SUPPLIED MATERIAL:
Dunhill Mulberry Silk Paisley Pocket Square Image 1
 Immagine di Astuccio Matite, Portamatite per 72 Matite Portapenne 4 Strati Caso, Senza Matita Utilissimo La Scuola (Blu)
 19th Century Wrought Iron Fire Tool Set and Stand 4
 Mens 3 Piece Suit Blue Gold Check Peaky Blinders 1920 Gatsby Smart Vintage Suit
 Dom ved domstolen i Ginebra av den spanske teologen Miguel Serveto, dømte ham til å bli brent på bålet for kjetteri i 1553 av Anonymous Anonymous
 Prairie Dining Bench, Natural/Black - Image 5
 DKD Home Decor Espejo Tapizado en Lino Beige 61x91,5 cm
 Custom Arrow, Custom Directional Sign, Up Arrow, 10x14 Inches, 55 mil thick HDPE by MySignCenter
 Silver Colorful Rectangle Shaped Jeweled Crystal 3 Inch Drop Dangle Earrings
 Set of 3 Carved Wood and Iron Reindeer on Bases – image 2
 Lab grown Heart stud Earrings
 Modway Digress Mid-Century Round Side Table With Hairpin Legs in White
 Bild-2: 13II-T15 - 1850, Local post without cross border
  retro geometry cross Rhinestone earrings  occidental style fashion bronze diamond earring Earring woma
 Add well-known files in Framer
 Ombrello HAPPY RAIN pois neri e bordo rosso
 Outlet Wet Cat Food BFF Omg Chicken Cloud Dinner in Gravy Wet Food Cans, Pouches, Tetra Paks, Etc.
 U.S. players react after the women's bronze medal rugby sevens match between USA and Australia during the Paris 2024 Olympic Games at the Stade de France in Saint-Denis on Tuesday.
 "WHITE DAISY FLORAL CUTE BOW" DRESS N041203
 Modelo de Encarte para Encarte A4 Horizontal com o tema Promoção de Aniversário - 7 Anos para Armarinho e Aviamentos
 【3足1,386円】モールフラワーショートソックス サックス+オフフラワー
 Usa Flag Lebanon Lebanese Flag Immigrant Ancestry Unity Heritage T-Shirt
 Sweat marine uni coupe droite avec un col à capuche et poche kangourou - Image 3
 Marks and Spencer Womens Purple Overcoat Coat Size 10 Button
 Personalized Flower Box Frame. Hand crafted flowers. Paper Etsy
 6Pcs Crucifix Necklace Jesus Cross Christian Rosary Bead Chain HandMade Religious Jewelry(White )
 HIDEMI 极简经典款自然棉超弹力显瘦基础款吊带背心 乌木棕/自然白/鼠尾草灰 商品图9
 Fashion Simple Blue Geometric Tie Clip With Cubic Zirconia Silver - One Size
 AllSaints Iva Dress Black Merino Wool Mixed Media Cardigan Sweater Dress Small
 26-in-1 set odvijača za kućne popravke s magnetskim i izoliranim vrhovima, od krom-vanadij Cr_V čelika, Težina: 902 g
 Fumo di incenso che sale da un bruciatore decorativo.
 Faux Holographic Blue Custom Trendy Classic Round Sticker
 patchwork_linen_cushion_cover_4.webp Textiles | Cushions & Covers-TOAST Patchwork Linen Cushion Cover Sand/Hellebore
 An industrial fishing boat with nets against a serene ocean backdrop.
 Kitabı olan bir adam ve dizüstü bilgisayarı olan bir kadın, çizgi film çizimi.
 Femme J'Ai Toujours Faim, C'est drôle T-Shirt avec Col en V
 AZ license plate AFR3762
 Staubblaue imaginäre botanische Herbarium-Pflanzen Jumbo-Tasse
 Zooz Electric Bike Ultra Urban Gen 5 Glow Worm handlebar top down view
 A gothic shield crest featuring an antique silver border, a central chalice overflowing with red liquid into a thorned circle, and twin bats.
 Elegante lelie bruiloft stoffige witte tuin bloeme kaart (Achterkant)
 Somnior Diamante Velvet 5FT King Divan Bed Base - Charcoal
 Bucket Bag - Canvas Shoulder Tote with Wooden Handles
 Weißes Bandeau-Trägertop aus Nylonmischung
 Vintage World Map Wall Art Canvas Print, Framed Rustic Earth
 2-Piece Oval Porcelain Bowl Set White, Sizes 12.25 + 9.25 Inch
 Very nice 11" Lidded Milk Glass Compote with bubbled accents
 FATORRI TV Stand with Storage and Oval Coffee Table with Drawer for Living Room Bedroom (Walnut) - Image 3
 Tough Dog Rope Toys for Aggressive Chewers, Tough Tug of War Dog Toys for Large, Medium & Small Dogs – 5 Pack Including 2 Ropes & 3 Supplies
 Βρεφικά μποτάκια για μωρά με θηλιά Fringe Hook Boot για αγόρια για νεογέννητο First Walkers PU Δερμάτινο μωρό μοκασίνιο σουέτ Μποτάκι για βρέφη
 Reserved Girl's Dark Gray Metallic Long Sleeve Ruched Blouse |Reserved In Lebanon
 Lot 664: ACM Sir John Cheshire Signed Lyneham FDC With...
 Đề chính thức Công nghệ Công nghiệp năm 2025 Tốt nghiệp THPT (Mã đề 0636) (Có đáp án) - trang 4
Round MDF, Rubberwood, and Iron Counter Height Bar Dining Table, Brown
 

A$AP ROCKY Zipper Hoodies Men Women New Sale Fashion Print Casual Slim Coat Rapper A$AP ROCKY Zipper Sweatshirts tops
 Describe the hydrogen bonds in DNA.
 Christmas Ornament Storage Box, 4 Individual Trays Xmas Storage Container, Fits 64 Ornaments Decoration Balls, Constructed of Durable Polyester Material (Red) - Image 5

WORK ORDER:
The lines that mention the word "Custom" should be pulled from the records above.

EXERCISE OUTPUT:
 Custom Arrow, Custom Directional Sign, Up Arrow, 10x14 Inches, 55 mil thick HDPE by MySignCenter
 Faux Holographic Blue Custom Trendy Classic Round Sticker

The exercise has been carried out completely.